--- Tommy Thorn wrote:
The 34010 might be good if it simplifies the design and helps bring the price
down, but I worry over the affect on video performens (and complexity of the
software). One can do quite well with a dumb frame buffer with high
bandwidth. Joel McCormack's article ("Writing Fast X Servers for Dumb Color
Frame Buffers. Software: Practice and Experience 20(S2):83-108, October 1990)
shows this (using a R3000 BTW).
--- end of quoted material ---
I suggest reading this article before going off the deep end. It is
available as PostScript from DECWRL. Here's info on how to get to the DECWRL
server, and an index of articles. The mentioned article is # 91/1.
Date: Fri, 9 Apr 93 07:19:03 -0700
Subject: How to use the WRL Tech Report Service
From: WRL Tech Report Service <wrl-techreports@pa.dec.com>
In-Reply-To: message from steven.d.ligett@dartmouth.edu (steven d. ligett)
To: steven.d.ligett@Dartmouth.EDU (steven d. ligett)
This message comes to you from the WRL Tech Report Service,
wrl-techreports@decwrl.dec.com. It received a message from you asking
for help.
The technical reports server is a mail-response program.
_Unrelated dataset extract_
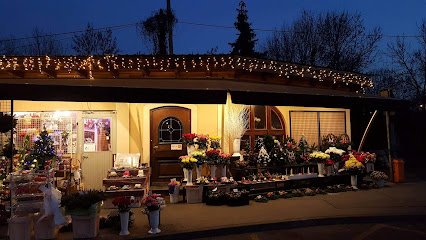 Virágüzlet temetkezési szolgáltatásokkal este fényekkel.
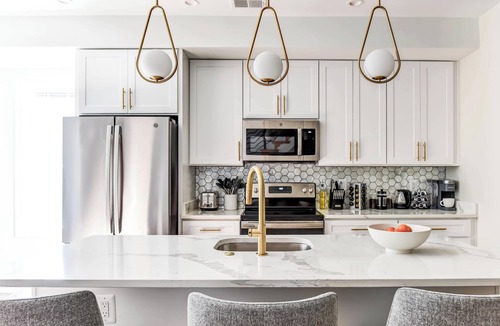 Park View Apartment | Luxe 6-BR + Rooftop Patio | Parking | Metro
That means
that you mail it a request, and it mails back the response.
The server is a very dumb program. It does not have much error
checking. If you don't send it the commands that it understands, it
will just answer "I don't understand you".
The server has 7 commands. Each command must be the first word on a
line. The server reads your entire message before it does anything,
so you can have several different commands in a single message. The
server treats the "Subject:" header line just like any other line of
the message. You can use any combination of upper and lower case
letters in the commands.
The technical reports are organized into a series of directories and
subdirectories (Abstracts, PS, Status).
Technical notes are for rapid distribution of technical material.
Usually this represents work in progress. Our technical reports may
include large portions of prior technical notes.
Network notes are a new addition to the server. They are for rapid
distribution of network related material. Network notes are usually a
means of sharing network expertise and experience.
---------------------------------------------------------------------------
If you are bored with reading documentation and just want to try
something, then send the server a message containing the line
send index
When you get the index back, it will give you the names of all of the
Tech-notes and Net-notes in the archive; send the server another
message asking it to send you the abstracts that you want:
send abstracts 86/3 87/4 prospectus.87
If you are using a mailer that understands "@" notation, send to
wrl-techreports@decwrl.dec.com. If your mailer deals in "!" notation,
try sending to {someplace}!decwrl!wrl-techreports, e.g.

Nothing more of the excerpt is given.